What the task requires ->
Print the data below verbatim, minus images.

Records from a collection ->
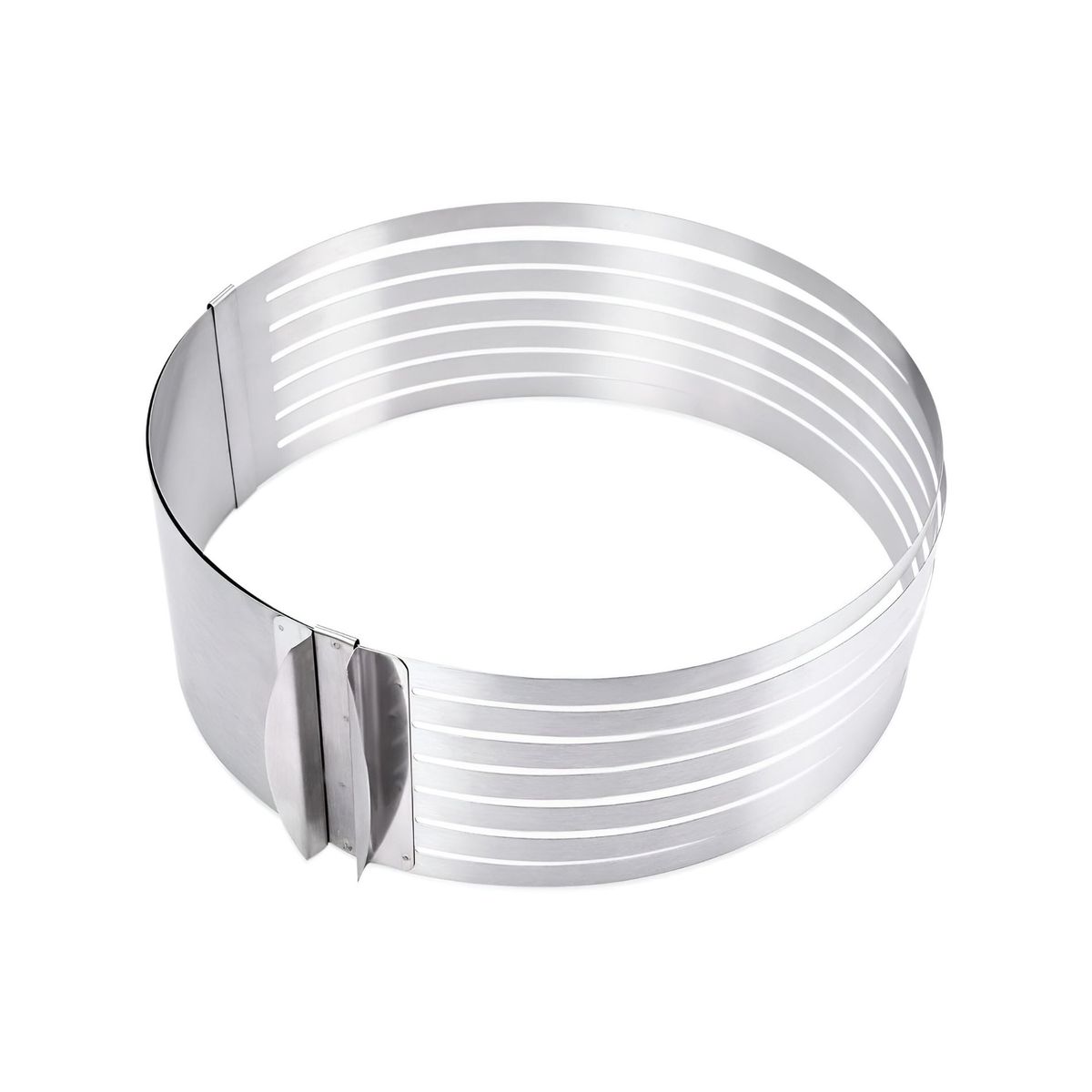 GENERICO - Cortador Bizcocho Ajustable 15-20cm Torta Queque Repostería..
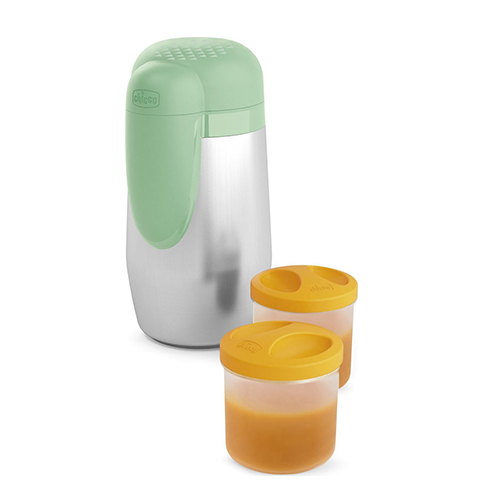 Chicco Βρεφικό Θερμός Φαγητού Mint 250ml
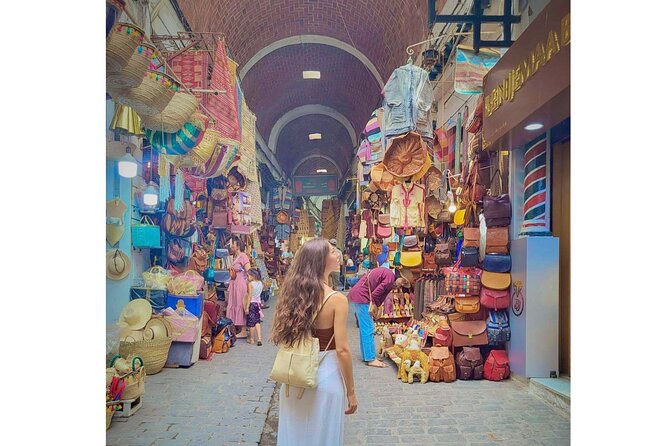 VIP Tour: Tunis Medina/Bardo, Sidi Bou Said, Carthage |PICKUP ALL - Lunch help is useful, but lunch costs extra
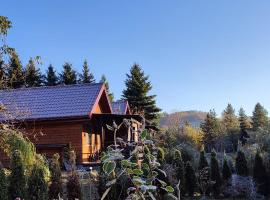 Księżycowe Domki w Bieszczadach, Hotel in Baligród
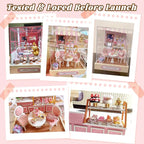 Flever Dollhouse Miniature DIY House Kit Creative Room - Image 6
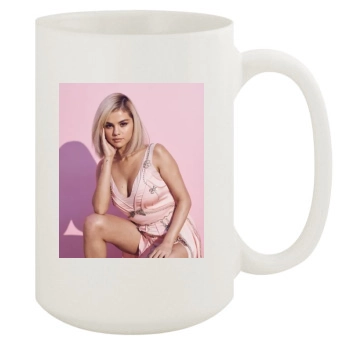 Selena Gomez 15oz White Mug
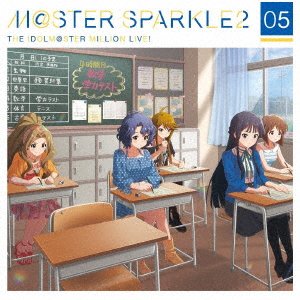 Cover for Idolm@ster Million Live! M@ster Sparkle2 05 (CD) [Japan Import edition] (2022)
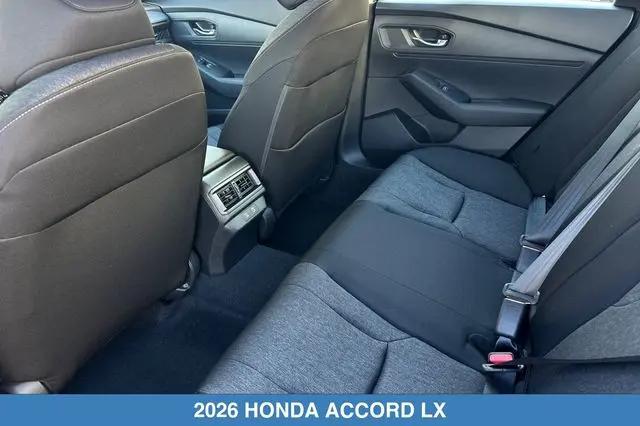 2026 Honda Accord Sedan LX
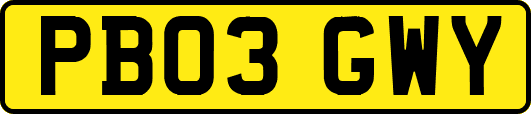 PB03GWY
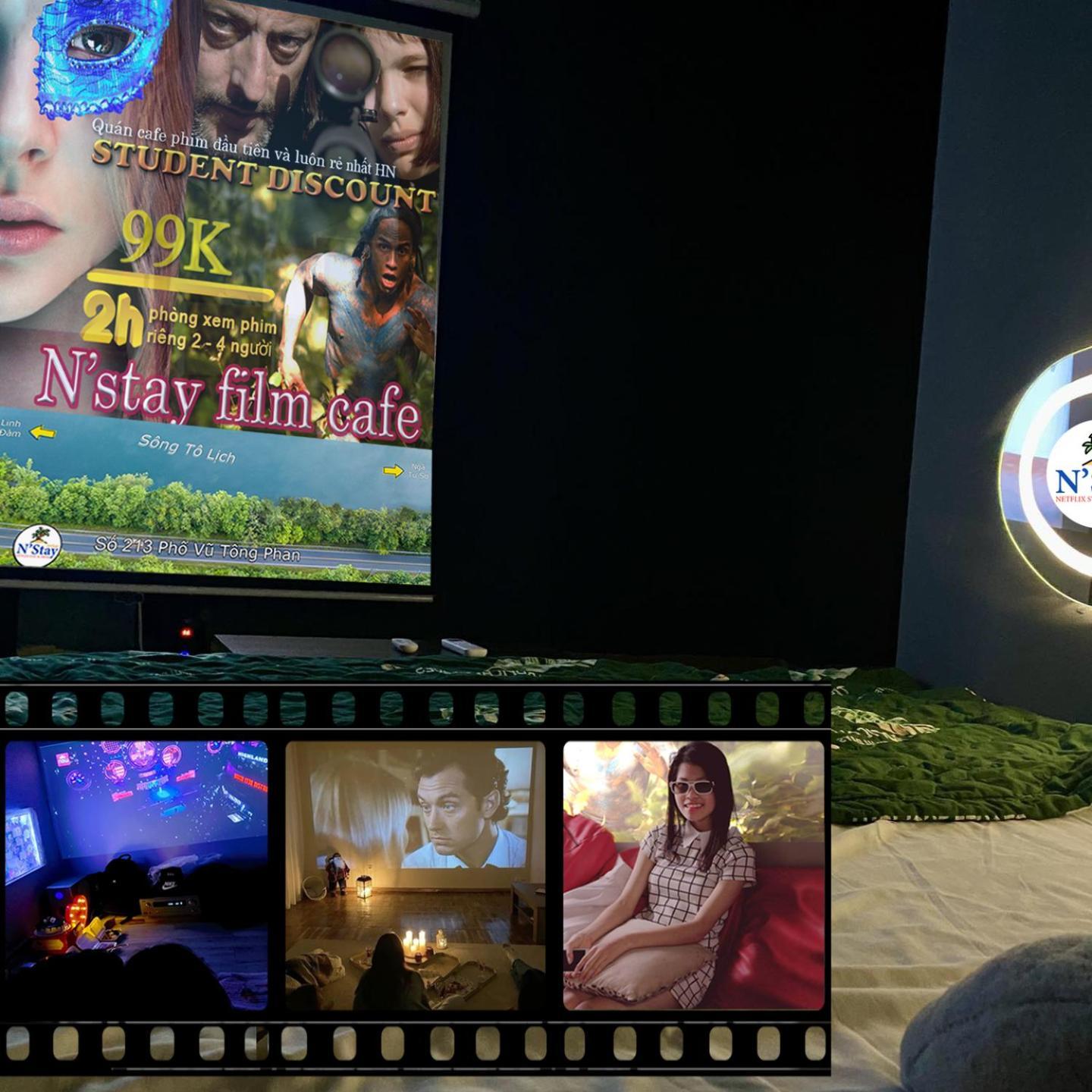 N'stay: Netflix-themed With 24/7 Bar & Cafe Capsule hotel *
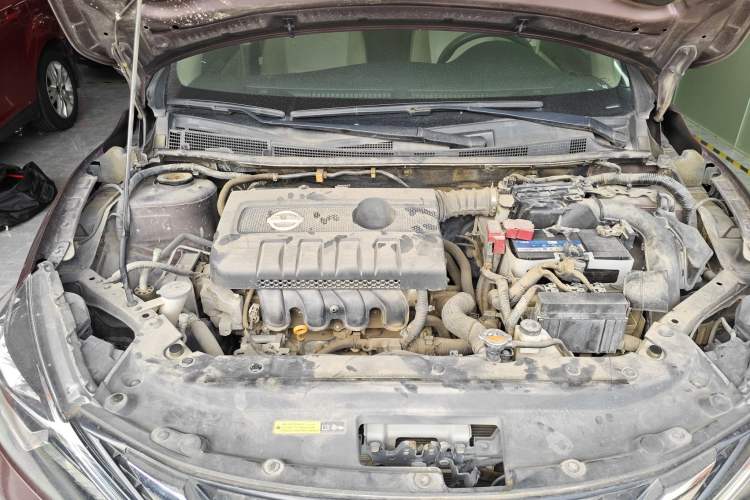 Used Nissan Sylphy 2016 1.6 XL CVT Luxury Edition Engine Bay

Task answer ->
 GENERICO - Cortador Bizcocho Ajustable 15-20cm Torta Queque Repostería..
 Chicco Βρεφικό Θερμός Φαγητού Mint 250ml
 VIP Tour: Tunis Medina/Bardo, Sidi Bou Said, Carthage |PICKUP ALL - Lunch help is useful, but lunch costs extra
 Księżycowe Domki w Bieszczadach, Hotel in Baligród
 Flever Dollhouse Miniature DIY House Kit Creative Room - Image 6
 Selena Gomez 15oz White Mug
 Cover for Idolm@ster Million Live! M@ster Sparkle2 05 (CD) [Japan Import edition] (2022)
 2026 Honda Accord Sedan LX
 PB03GWY
 N'stay: Netflix-themed With 24/7 Bar & Cafe Capsule hotel *
 Used Nissan Sylphy 2016 1.6 XL CVT Luxury Edition Engine Bay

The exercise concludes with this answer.